• [Work item] Retype all of the data that follows, line for line.

• [Records from a data source]
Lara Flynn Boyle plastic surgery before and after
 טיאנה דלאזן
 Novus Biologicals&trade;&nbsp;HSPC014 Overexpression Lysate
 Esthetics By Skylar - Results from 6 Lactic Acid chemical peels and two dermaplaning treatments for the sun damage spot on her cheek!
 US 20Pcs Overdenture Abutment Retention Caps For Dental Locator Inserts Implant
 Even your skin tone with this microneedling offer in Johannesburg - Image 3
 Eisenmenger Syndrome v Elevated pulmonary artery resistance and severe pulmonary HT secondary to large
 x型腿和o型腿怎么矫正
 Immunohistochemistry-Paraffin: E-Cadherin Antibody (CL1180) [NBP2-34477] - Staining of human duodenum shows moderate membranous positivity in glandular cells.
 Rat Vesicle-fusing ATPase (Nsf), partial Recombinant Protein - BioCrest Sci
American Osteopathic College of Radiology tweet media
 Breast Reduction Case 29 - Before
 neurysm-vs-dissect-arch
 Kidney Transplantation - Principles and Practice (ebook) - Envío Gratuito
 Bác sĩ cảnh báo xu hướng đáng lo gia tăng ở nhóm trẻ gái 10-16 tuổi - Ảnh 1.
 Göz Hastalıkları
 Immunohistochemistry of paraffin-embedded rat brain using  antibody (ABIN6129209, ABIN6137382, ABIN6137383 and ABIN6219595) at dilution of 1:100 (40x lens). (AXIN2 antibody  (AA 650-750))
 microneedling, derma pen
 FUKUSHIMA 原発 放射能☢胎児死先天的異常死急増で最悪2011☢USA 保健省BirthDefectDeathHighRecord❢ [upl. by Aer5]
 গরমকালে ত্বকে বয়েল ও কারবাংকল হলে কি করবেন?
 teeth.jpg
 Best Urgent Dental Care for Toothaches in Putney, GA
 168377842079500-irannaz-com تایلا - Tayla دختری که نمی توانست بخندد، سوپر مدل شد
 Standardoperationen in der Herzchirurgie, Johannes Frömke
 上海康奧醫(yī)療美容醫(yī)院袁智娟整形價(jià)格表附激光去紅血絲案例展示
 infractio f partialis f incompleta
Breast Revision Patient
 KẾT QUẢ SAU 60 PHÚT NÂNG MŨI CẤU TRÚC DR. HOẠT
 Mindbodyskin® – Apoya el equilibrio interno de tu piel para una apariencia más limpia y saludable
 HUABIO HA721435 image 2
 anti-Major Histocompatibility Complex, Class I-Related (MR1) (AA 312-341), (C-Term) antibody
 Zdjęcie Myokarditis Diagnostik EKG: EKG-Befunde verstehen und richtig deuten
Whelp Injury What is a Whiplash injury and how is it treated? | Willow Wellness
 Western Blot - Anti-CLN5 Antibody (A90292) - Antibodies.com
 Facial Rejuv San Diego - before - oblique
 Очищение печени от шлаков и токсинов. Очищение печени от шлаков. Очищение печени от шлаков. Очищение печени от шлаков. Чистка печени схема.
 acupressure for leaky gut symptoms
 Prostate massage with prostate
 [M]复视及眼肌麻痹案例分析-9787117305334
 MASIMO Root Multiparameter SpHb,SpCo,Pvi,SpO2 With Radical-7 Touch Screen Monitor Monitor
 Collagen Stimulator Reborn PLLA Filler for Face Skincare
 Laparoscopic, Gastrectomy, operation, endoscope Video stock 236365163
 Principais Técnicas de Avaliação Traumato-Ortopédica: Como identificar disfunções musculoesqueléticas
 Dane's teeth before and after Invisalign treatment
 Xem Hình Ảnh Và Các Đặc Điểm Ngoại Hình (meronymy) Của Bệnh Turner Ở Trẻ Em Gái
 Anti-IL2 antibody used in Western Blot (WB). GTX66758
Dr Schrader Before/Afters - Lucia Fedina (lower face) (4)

• [Response to this exercise]
Lara Flynn Boyle plastic surgery before and after
 טיאנה דלאזן
 Novus Biologicals&trade;&nbsp;HSPC014 Overexpression Lysate
 Esthetics By Skylar - Results from 6 Lactic Acid chemical peels and two dermaplaning treatments for the sun damage spot on her cheek!
 US 20Pcs Overdenture Abutment Retention Caps For Dental Locator Inserts Implant
 Even your skin tone with this microneedling offer in Johannesburg - Image 3
 Eisenmenger Syndrome v Elevated pulmonary artery resistance and severe pulmonary HT secondary to large
 x型腿和o型腿怎么矫正
 Immunohistochemistry-Paraffin: E-Cadherin Antibody (CL1180) [NBP2-34477] - Staining of human duodenum shows moderate membranous positivity in glandular cells.
 Rat Vesicle-fusing ATPase (Nsf), partial Recombinant Protein - BioCrest Sci
American Osteopathic College of Radiology tweet media
 Breast Reduction Case 29 - Before
 neurysm-vs-dissect-arch
 Kidney Transplantation - Principles and Practice (ebook) - Envío Gratuito
 Bác sĩ cảnh báo xu hướng đáng lo gia tăng ở nhóm trẻ gái 10-16 tuổi - Ảnh 1.
 Göz Hastalıkları
 Immunohistochemistry of paraffin-embedded rat brain using  antibody (ABIN6129209, ABIN6137382, ABIN6137383 and ABIN6219595) at dilution of 1:100 (40x lens). (AXIN2 antibody  (AA 650-750))
 microneedling, derma pen
 FUKUSHIMA 原発 放射能☢胎児死先天的異常死急増で最悪2011☢USA 保健省BirthDefectDeathHighRecord❢ [upl. by Aer5]
 গরমকালে ত্বকে বয়েল ও কারবাংকল হলে কি করবেন?
 teeth.jpg
 Best Urgent Dental Care for Toothaches in Putney, GA
 168377842079500-irannaz-com تایلا - Tayla دختری که نمی توانست بخندد، سوپر مدل شد
 Standardoperationen in der Herzchirurgie, Johannes Frömke
 上海康奧醫(yī)療美容醫(yī)院袁智娟整形價(jià)格表附激光去紅血絲案例展示
 infractio f partialis f incompleta
Breast Revision Patient
 KẾT QUẢ SAU 60 PHÚT NÂNG MŨI CẤU TRÚC DR. HOẠT
 Mindbodyskin® – Apoya el equilibrio interno de tu piel para una apariencia más limpia y saludable
 HUABIO HA721435 image 2
 anti-Major Histocompatibility Complex, Class I-Related (MR1) (AA 312-341), (C-Term) antibody
 Zdjęcie Myokarditis Diagnostik EKG: EKG-Befunde verstehen und richtig deuten
Whelp Injury What is a Whiplash injury and how is it treated? | Willow Wellness
 Western Blot - Anti-CLN5 Antibody (A90292) - Antibodies.com
 Facial Rejuv San Diego - before - oblique
 Очищение печени от шлаков и токсинов. Очищение печени от шлаков. Очищение печени от шлаков. Очищение печени от шлаков. Чистка печени схема.
 acupressure for leaky gut symptoms
 Prostate massage with prostate
 [M]复视及眼肌麻痹案例分析-9787117305334
 MASIMO Root Multiparameter SpHb,SpCo,Pvi,SpO2 With Radical-7 Touch Screen Monitor Monitor
 Collagen Stimulator Reborn PLLA Filler for Face Skincare
 Laparoscopic, Gastrectomy, operation, endoscope Video stock 236365163
 Principais Técnicas de Avaliação Traumato-Ortopédica: Como identificar disfunções musculoesqueléticas
 Dane's teeth before and after Invisalign treatment
 Xem Hình Ảnh Và Các Đặc Điểm Ngoại Hình (meronymy) Của Bệnh Turner Ở Trẻ Em Gái
 Anti-IL2 antibody used in Western Blot (WB). GTX66758
Dr Schrader Before/Afters - Lucia Fedina (lower face) (4)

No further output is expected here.